The fire raging in Fort McMurray, Canada sounds like something from the apocalypse.
“It was like driving through hell,” Michel Chamberland told CNN of his escape from the area. “Those flames, they were bright, they were big … It’s unreal. It’s almost like a dream or something.”
The fire, which has burned at least 325 square miles, forcing the evacuation of some 88,000 people, is so hot and so intense that’s it’s formed its own weather. The thundercloud produced by the blaze actually is creating its own lighting, and consequently spreading the fire’s rage, setting more trees alight.
True, there have been fires in Canada’s boreal forest for ages. But scientists and researchers say this fire looks a whole lot like climate change. And that should be alarming for all of us.
“This is an example of what we expect — and consistent with what we expect for climate change,” said Mike Flannigan, a professor of wildland fire at the University of Alberta who’s been studying climate change and wildfire for decades. “This fire is unprecedented,” he said, referring to its local impact.
It’s impossible for scientists to say global warming caused this specific fire, of course, but polluting the atmosphere is creating conditions that make such disasters more likely, bigger and costlier.
“In Canada, our area burned (by wildfire) has more than doubled since the early 70s,” Flannigan said. “And we’ve published work that states that this is because of human-caused climate change.
“We also find — and other researchers in the United States find — that as the temperature increases we see more fire.”
Hot, dry conditions helped created the perfect conditions for the fire near Fort McMurray. The remote town, which is the gateway to Canada’s oil sands region, a hotbed of fossil fuel extraction, saw a high temperature of 91 Fahrenheit on Tuesday. The previous record of 82 degrees was set in 1945, according to government climate data.
Rachel Cleetus, lead economist and climate policy manager for the Union of Concerned Scientists, said climate change is “a significant contributing risk factor” in the Canada wildfires. There are other risk factors, like El Nino and our development patterns. But we can clearly see the climate risk factor because of where [the fire is] playing out geographically.
“We know the northern latitudes are warming faster than anywhere else.”
“You definitely see the fingerprints of climate change,” she said.
A ridge in the jet stream, associated with rapid warming in the Arctic, also has helped lock in a high pressure zone over northwest Canada. That likely contributed to the fire conditions, experts said.
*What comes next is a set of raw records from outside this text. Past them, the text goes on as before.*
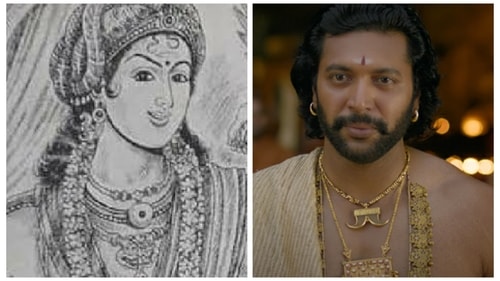Jayam Ravi's Arulmozhi Varman is the only character that looks quite different from the drawings but even then he retains his tilak and jewellery of a similar style. Jayam Ravi's Arulmozhi Varman is the only character that looks quite different from the drawings but even then he retains his tilak and jewellery of a similar style.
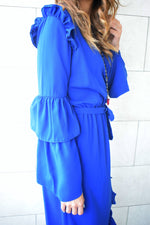 Blue Ruffle Midi Dress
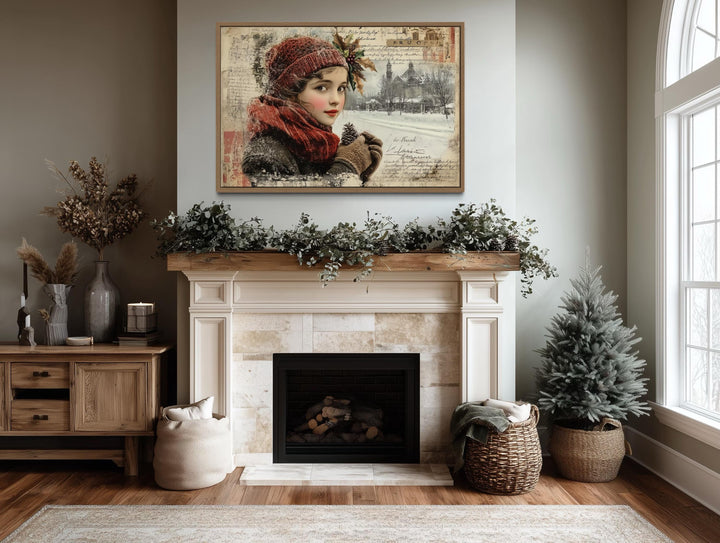 Christmas Girl Vintage Postcard Style Framed Canvas Wall Art
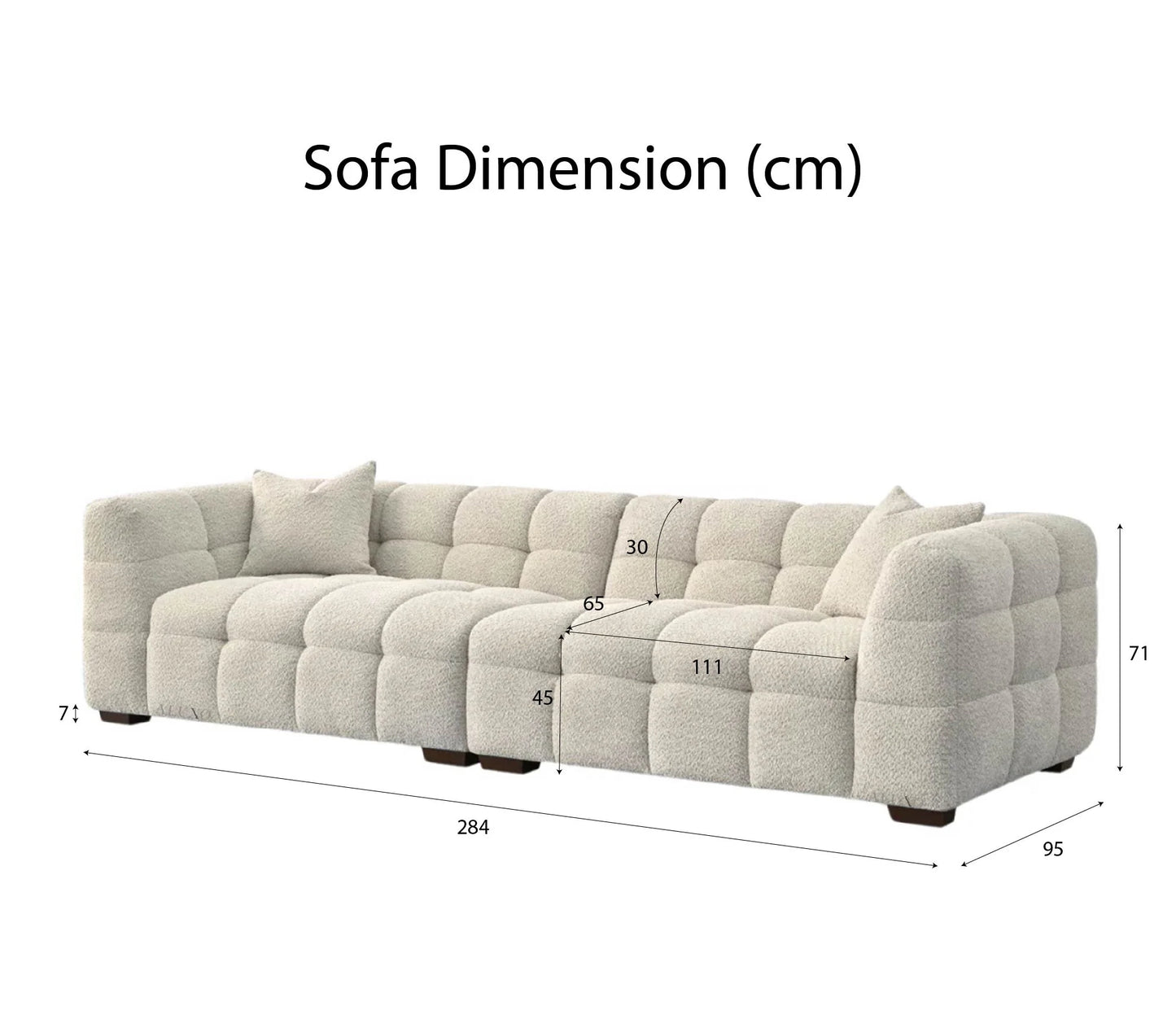 ALUXO Tribeca Bubble 4 Seater Large Sofa In Oatmeal Beige Boucle Fabric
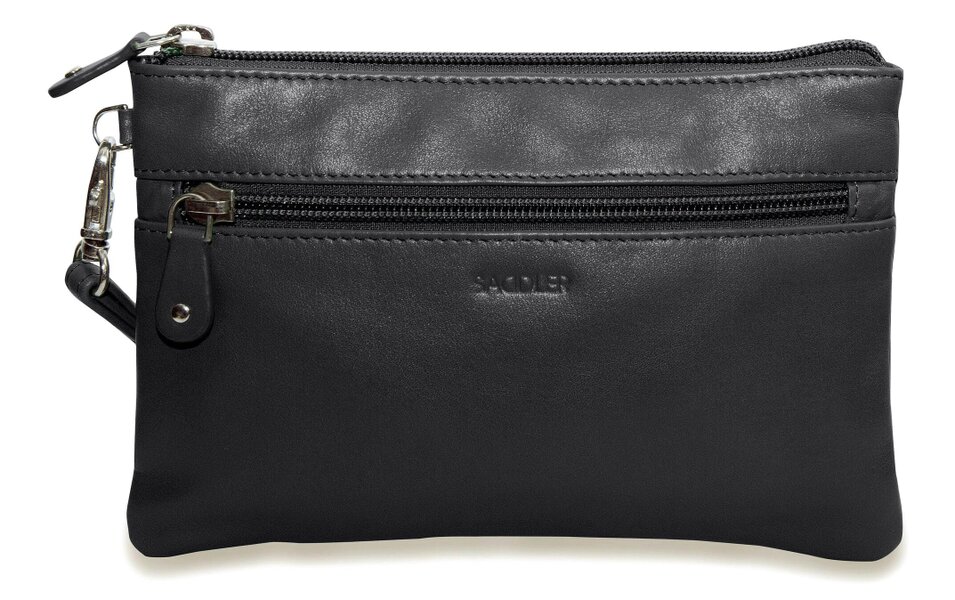 SADDLER SCARLETT Leather Zip Top Mini Clutch - Phone Holder with Detachable Wrist Strap - RFID Protected - Black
Fires only are expected to get bigger and costlier as humans keep pumping heat-trapping gases into the atmosphere, primarily by burning fossil fuels for heat, electricity and transportation. A 2011 report from the U.S. National Academy of Sciences, for example, says certain parts of the American West could see up to a 650% increase in the median area burned by wildfires each year if temperatures rise another 1 degree Celsius. Humans already have warmed the climate about 1 degree Celsius compared with temperatures before the industrial revolution.
To avoid 2 degrees of warming, which world leaders say is the danger zone for climate change, society basically needs to ditch fossil fuels between 2050 and 2100 — a monumental task but one researchers say is achievable.
Meanwhile, wildfire seasons already are getting longer. In Alberta, the province where Fort McMurray is located, the fire season now officially starts in April, Flannigan said. It used to start in May. “In recent years we’ve actually had forest fires in December, which doesn’t have any historical analog,” he told me.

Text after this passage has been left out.